# Latent Dirichlet Allocation Demo

## Import dependencies

In [None]:
import os
import time
import numpy as np
from sklearn.feature_extraction.text import CountVectorizer
from sklearn.datasets import fetch_20newsgroups
from sklearn.manifold import TSNE
import bokeh.plotting as bp
from bokeh.plotting import save
from bokeh.models import HoverTool

## Corpus processing

20 Newsgroups data set. Set of 20,000 newsgroup documents spread accross 20 different topics. This makes it a nice testing ground for topic classification.

In [None]:
n_iter = 500
n_top_words = 5
threshold = 0.0

In [None]:
remove = ('headers', 'footers', 'quotes')
newsgroups = fetch_20newsgroups(subset='all', remove=remove)
# newsgroups_test = fetch_20newsgroups(subset='test', remove=remove)
corpus_raw = [' '.join(filter(str.isalpha, raw.lower().split())) for raw in
        newsgroups.data]
# print(newsgroups_train.data)
print("Before:\n", newsgroups.data[0])
print("After:\n", corpus_raw[0])

## Clean documents

In [None]:
from nltk.corpus import stopwords 
from nltk.stem.wordnet import WordNetLemmatizer
import string

stopwords = set(stopwords.words('english'))
punctuation = set(string.punctuation) 
lemmatize = WordNetLemmatizer()

def cleaning(article):
    one = " ".join([i for i in article.split() if i not in stopwords])
    two = "".join(i for i in one if i not in punctuation)
    three = " ".join(lemmatize.lemmatize(i) for i in two.split())
    four = three.split(" ")
    return four

corpus_tokenized = [cleaning(doc) for doc in corpus_raw]
print(corpus_tokenized[0])

## Create BOW matrix for the model

In [None]:
from time import time
import logging

logging.basicConfig(format='%(asctime)s : %(levelname)s : %(message)s', level=logging.INFO,
                   filename='running.log',filemode='w')

# Importing Gensim
import gensim
from gensim import corpora
from sklearn.feature_extraction.text import CountVectorizer


# Creating the term dictionary of our corpus, where every unique term is assigned an index. dictionary = corpora.Dictionary(doc_clean)
dictionary = corpora.Dictionary(corpus_tokenized)

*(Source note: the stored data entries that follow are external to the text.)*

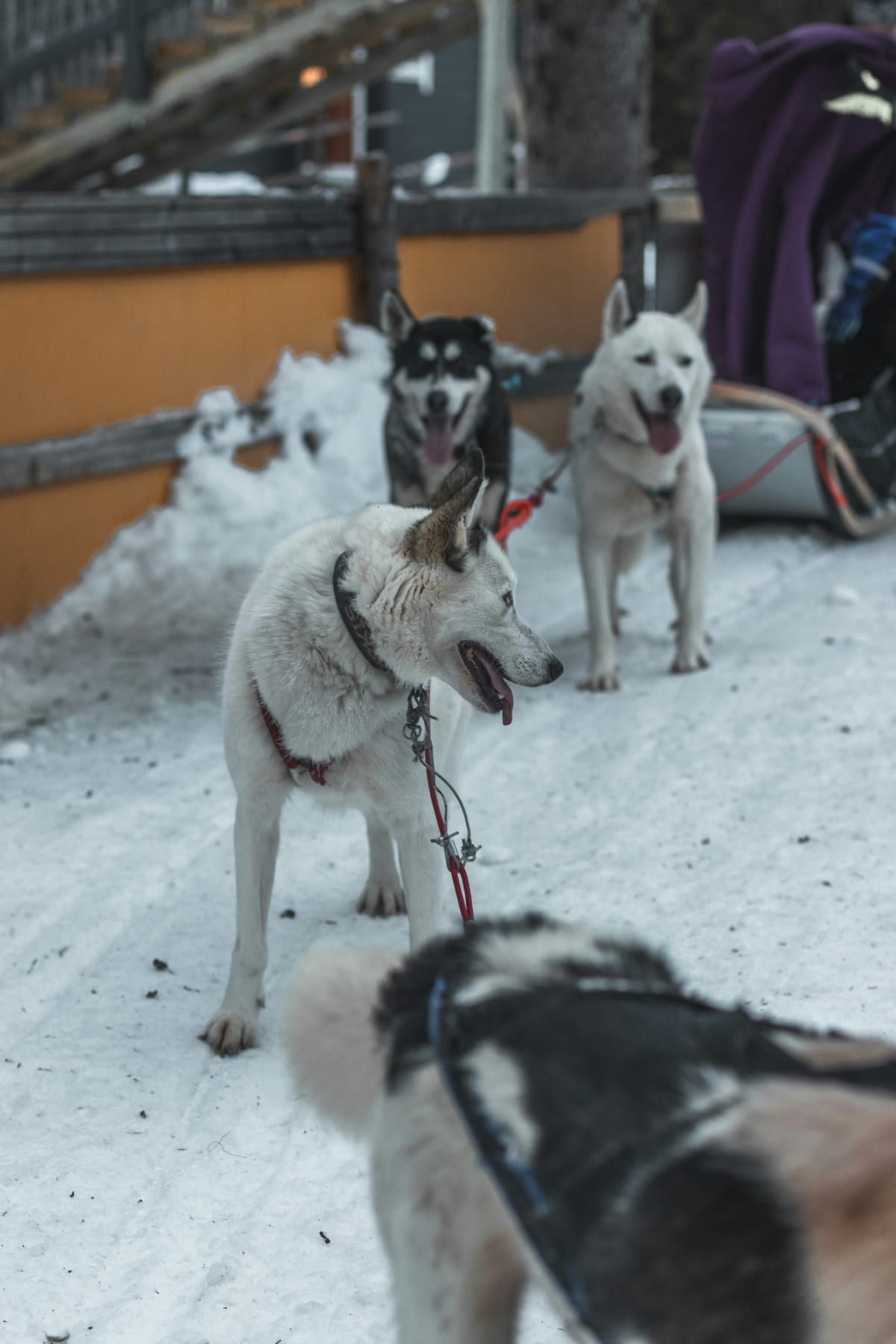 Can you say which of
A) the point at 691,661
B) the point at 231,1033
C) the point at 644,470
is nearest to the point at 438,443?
the point at 644,470

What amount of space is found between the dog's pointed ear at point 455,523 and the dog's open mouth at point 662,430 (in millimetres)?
2592

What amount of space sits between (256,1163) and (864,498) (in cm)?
551

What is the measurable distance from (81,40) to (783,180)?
5778mm

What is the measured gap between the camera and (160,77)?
10070 mm

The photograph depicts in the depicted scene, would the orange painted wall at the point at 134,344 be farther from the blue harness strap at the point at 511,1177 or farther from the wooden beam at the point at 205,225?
the blue harness strap at the point at 511,1177

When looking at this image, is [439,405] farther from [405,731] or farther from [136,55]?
[136,55]

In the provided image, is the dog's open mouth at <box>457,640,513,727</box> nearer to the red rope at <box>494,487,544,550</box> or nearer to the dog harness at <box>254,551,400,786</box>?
the dog harness at <box>254,551,400,786</box>

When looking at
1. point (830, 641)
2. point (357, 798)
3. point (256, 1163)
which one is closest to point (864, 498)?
point (830, 641)

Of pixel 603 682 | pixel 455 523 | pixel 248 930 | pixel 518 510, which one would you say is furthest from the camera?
pixel 603 682

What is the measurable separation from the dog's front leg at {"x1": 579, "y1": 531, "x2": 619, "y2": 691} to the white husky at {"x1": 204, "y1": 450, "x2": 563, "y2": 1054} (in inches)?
94.0

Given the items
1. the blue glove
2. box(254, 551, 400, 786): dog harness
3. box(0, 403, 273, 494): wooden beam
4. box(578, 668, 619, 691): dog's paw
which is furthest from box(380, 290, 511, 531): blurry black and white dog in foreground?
the blue glove

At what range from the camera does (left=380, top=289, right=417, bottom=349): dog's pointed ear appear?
561cm

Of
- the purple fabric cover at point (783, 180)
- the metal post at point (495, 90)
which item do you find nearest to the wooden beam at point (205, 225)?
the purple fabric cover at point (783, 180)

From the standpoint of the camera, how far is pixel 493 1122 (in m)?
1.15
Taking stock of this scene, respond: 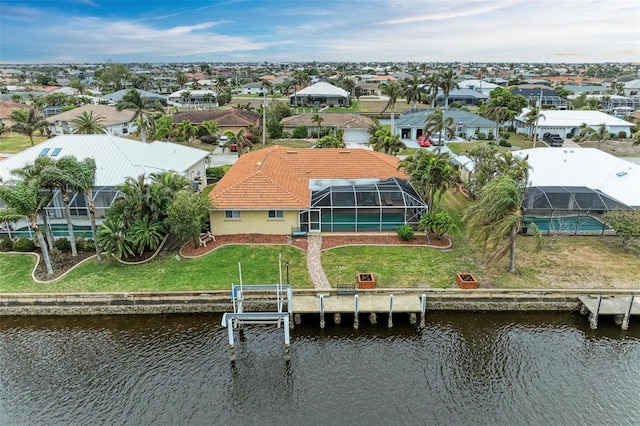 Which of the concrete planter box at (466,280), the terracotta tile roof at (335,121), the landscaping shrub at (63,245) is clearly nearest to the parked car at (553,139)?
the terracotta tile roof at (335,121)

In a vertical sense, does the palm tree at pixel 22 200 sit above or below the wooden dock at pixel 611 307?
above

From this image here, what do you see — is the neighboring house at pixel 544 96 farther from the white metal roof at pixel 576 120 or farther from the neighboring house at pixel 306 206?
the neighboring house at pixel 306 206

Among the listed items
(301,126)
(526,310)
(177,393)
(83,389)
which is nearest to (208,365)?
(177,393)

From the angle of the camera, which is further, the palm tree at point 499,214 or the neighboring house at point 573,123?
the neighboring house at point 573,123

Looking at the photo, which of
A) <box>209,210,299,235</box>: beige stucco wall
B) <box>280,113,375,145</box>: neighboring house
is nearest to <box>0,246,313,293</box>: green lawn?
<box>209,210,299,235</box>: beige stucco wall

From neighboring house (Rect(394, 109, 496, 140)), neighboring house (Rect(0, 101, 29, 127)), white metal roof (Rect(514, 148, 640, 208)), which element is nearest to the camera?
white metal roof (Rect(514, 148, 640, 208))

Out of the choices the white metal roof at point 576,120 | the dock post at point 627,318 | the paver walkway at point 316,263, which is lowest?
the dock post at point 627,318

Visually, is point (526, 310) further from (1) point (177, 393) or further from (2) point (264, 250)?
(1) point (177, 393)

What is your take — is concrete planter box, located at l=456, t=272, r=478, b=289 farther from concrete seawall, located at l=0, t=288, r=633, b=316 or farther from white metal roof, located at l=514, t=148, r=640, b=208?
white metal roof, located at l=514, t=148, r=640, b=208
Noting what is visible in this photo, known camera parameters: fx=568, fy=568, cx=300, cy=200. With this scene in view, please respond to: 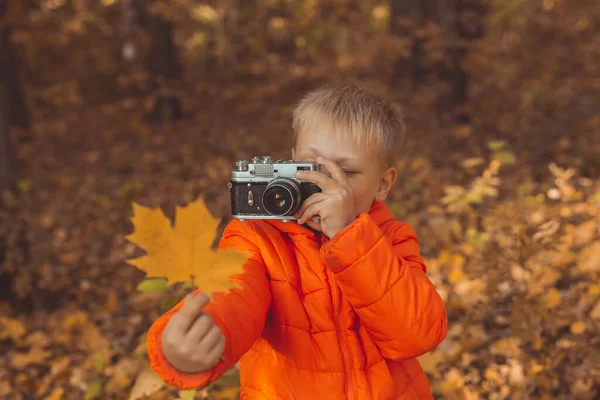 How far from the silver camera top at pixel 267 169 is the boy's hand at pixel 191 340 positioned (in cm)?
50

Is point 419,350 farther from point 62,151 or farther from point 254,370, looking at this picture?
point 62,151

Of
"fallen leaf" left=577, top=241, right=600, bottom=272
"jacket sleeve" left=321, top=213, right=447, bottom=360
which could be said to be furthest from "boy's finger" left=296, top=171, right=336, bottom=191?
"fallen leaf" left=577, top=241, right=600, bottom=272

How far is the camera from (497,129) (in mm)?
5672

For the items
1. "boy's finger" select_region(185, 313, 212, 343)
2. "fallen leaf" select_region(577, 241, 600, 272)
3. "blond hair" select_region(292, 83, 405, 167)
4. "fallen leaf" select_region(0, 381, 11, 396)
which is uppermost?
"blond hair" select_region(292, 83, 405, 167)

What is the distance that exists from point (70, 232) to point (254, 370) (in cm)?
373

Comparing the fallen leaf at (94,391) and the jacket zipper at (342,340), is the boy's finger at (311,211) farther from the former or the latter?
the fallen leaf at (94,391)

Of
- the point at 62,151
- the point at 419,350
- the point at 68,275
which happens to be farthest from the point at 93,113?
the point at 419,350

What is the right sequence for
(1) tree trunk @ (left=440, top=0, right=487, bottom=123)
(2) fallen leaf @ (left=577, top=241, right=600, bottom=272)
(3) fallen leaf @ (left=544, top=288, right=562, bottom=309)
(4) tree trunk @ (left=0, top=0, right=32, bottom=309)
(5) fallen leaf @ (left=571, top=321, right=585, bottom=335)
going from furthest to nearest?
1. (1) tree trunk @ (left=440, top=0, right=487, bottom=123)
2. (4) tree trunk @ (left=0, top=0, right=32, bottom=309)
3. (2) fallen leaf @ (left=577, top=241, right=600, bottom=272)
4. (3) fallen leaf @ (left=544, top=288, right=562, bottom=309)
5. (5) fallen leaf @ (left=571, top=321, right=585, bottom=335)

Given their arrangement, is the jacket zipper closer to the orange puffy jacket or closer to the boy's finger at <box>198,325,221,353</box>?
the orange puffy jacket

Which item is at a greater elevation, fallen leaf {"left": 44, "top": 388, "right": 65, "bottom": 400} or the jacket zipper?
the jacket zipper

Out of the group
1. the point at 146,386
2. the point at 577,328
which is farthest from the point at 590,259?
the point at 146,386

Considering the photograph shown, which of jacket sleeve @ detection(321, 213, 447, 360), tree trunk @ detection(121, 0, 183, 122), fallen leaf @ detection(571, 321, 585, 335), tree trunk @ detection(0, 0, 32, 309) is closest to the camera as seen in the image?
jacket sleeve @ detection(321, 213, 447, 360)

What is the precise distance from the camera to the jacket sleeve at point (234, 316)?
1.06 meters

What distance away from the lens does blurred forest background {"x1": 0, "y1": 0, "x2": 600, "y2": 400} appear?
2.76 m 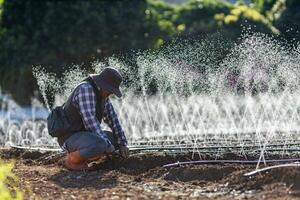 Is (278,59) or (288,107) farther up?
(278,59)

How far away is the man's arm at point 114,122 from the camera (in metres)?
7.44

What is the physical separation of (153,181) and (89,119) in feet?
3.67

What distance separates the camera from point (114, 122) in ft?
24.6

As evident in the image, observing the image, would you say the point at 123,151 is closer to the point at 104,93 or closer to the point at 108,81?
the point at 104,93

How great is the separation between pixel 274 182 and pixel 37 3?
14099 millimetres

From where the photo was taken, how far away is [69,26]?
18094mm

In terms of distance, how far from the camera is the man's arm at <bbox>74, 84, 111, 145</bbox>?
6.89m

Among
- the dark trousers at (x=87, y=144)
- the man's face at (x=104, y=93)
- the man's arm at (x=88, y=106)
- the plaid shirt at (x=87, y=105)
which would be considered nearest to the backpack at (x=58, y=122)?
the dark trousers at (x=87, y=144)

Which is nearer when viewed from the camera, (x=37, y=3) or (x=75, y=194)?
(x=75, y=194)

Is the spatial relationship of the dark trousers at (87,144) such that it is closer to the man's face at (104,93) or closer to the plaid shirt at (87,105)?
the plaid shirt at (87,105)

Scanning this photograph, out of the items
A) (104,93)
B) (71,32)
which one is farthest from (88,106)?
(71,32)

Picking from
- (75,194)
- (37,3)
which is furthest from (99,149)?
(37,3)

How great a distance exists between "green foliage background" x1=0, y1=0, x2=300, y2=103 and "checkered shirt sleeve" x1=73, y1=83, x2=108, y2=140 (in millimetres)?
10512

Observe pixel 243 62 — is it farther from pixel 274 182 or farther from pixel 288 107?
pixel 274 182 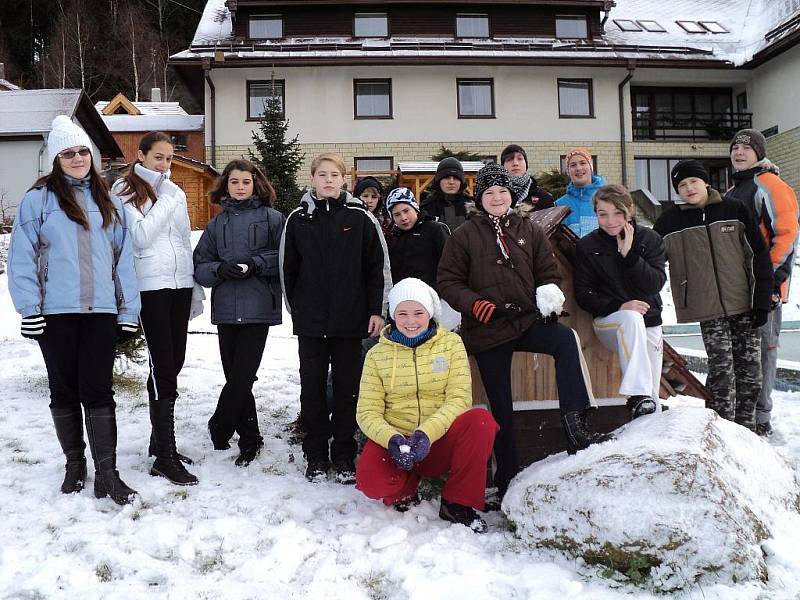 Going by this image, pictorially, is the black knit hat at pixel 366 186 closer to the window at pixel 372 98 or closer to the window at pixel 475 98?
A: the window at pixel 372 98

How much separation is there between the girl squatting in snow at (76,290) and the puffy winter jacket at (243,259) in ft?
2.08

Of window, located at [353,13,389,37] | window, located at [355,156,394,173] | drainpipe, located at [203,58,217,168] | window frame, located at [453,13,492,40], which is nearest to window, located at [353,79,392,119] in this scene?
window, located at [355,156,394,173]

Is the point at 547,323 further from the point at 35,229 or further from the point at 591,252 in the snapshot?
the point at 35,229

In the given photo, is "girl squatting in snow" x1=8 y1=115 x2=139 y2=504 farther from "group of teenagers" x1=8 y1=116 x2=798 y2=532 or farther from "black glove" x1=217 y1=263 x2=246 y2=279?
"black glove" x1=217 y1=263 x2=246 y2=279

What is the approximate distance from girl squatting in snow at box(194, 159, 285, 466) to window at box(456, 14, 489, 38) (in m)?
20.8

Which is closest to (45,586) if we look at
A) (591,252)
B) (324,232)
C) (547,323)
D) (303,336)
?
(303,336)

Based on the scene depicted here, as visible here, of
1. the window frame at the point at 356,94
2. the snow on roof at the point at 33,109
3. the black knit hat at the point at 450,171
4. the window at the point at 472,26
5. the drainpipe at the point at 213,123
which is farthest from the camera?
the window at the point at 472,26

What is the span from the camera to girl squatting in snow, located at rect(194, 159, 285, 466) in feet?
13.4

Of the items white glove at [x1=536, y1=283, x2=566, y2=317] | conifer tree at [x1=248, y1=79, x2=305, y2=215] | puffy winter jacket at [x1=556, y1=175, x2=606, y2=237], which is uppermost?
conifer tree at [x1=248, y1=79, x2=305, y2=215]

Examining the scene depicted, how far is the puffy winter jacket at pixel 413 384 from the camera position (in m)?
3.49

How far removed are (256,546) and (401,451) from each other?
2.72 feet

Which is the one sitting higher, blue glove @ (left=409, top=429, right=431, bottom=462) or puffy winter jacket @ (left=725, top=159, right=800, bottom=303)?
puffy winter jacket @ (left=725, top=159, right=800, bottom=303)

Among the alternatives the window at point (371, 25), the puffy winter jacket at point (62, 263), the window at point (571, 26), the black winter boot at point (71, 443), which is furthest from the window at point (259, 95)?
the black winter boot at point (71, 443)

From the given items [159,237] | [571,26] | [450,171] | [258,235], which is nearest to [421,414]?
[258,235] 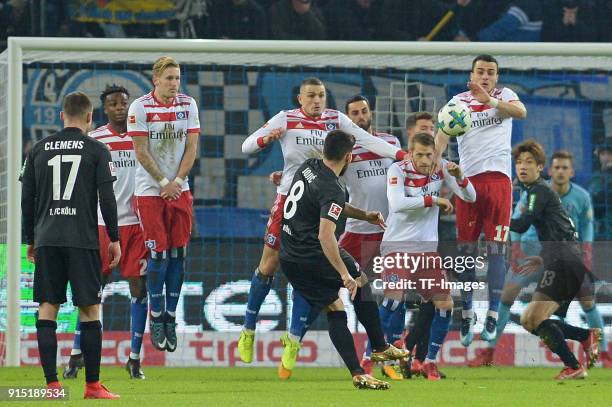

doc_term_matrix = [dictionary.doc2bow(doc) for doc in corpus_tokenized]

print("Len of raw corpus: %i | Len of matrix: %i" % (len(corpus_raw), len(doc_term_matrix)))
print("Processed:\n", doc_term_matrix[0])


## Train LDA model

This can take a couple minutes. I chose to use the actual number of topics for the sake of visualization.

In [None]:
from gensim.models.ldamodel import LdaModel

start = time()
# Creating the object for LDA model using gensim library
# Lda = gensim.models.ldamodel.LdaModel

# Get topics
num_topics = len(newsgroups.target_names)
print(num_topics)

# Running and Trainign LDA model on the document term matrix.
ldamodel = LdaModel(doc_term_matrix, num_topics=num_topics, id2word = dictionary, passes=50)
print('used: {:.2f}s'.format(time()-start))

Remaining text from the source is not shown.